Hans Christoph Rademann Foto: Musikfest

Als Hans-Christoph Rademann am Montagabend zu einem Konzert mit Werken aus Schütz’ 1650 veröffentlichtem drittem Band der „Symphoniae sacrae“ lud, war die Stadtkirche Bad Cannstatt ­pickepackevoll,

Stuttgart - Die Zeiten könnten schwierig sein. Erst räumt der Stuttgarter „Bach-Papst“ seinen Stuhl, und dann will sein Nachfolger die Bibel nicht nur mit Bachs Hilfe erklären, sondern bringt aus der mitteldeutschen Fremde auch noch den älteren Dresdner Hausgott Heinrich Schütz mit – außerdem, gleichsam als Ministranten, die Sänger des eigenen Dresdner Kammerchors.

Das könnte beim Publikum des Musikfests durchaus für Irritationen sorgen. Doch welch ein Irrtum: Als Hans-Christoph Rademann am Montagabend zu einem Konzert mit Werken aus Schütz’ 1650 veröffentlichtem drittem Band der „Symphoniae sacrae“ lud, war die Stadtkirche Bad Cannstatt pickepackevoll, und weil die Zuhörer sich so laut und lange begeisterten, wurde der Abend schließlich sogar zu einer absoluten Rarität: zu einem geistlichen Konzert mit Zugabe.

Denkwürdig war die Veranstaltung aber auch vorher schon, denn man konnte hören, warum Rademann heute dank seiner Gesamteinspielung der Werke Heinrich Schütz’ (bei Carus) in Sachen Schütz wie auch in Sachen frühbarocken Ensemblesingens als stilbildend gilt. Eine so feine Balance zwischen Text und Musik, Artikulation und Klang, Schlichtheit und Ausdruck muss man bei den Werken des vielleicht wortbezogensten aller Komponisten erst einmal hinbekommen.

Mit großer Selbstverständlichkeit und Natürlichkeit, klar, präzise und beschwingt gestalteten der kleine, mit jungen Sängern besetzte, stimmlich exzellent homogenisierte Chor und die ebenfalls fein verschmolzenen Solisten die ausgewählten Werke, und mit oft spürbarer Lust und Hingabe drangen sie, angetrieben, begleitet und getragen von den quicken Instrumentalisten des Dresdner Barockorchesters, in die subtilen musikalischen Bilder ein, mit denen Schütz die vertonten Bibelverse begreifbar machen will.

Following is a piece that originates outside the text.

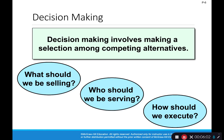Managerial accounting is used for decision-making. Decision-making involves making a selection between alternatives — like what should we be selling, who should we be serving, how should we execute a particular decision. We really need to have useful information in order to make these types of decisions. Our decision is only going to be as good as the information that we base it on.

Da diese Bilder eher feinen Radierungen gleichen als Ölgemälden, dürfte mancher ein bisschen Zeit gebraucht haben, um den Zauber der Interpretationen von Schütz’ Bibel-Interpretationen, denen Rademann all die immer noch verbreiteten nachromantischen Effekthaschereien ausgetrieben hatte, zu spüren und zu begreifen. Dann aber konnte man versinken in die sprechende Klangsinnlichkeit etwa des Duetts der besorgten Eltern Maria und Joseph, die ihren Jesus suchen („Mein Sohn, warum hast du uns das angetan?“), oder der Flucht Sauls vor Gott. Jetzt wurden sie und andere zu kleinen dramatischen Szenen, in denen sich Schlichtheit und Gefühl, Berichten und Erleben die Waage hielten. Ein leiser, aber eindrucksvoller Abend: überhaupt nicht schwierig, aber ungemein schön und so reich.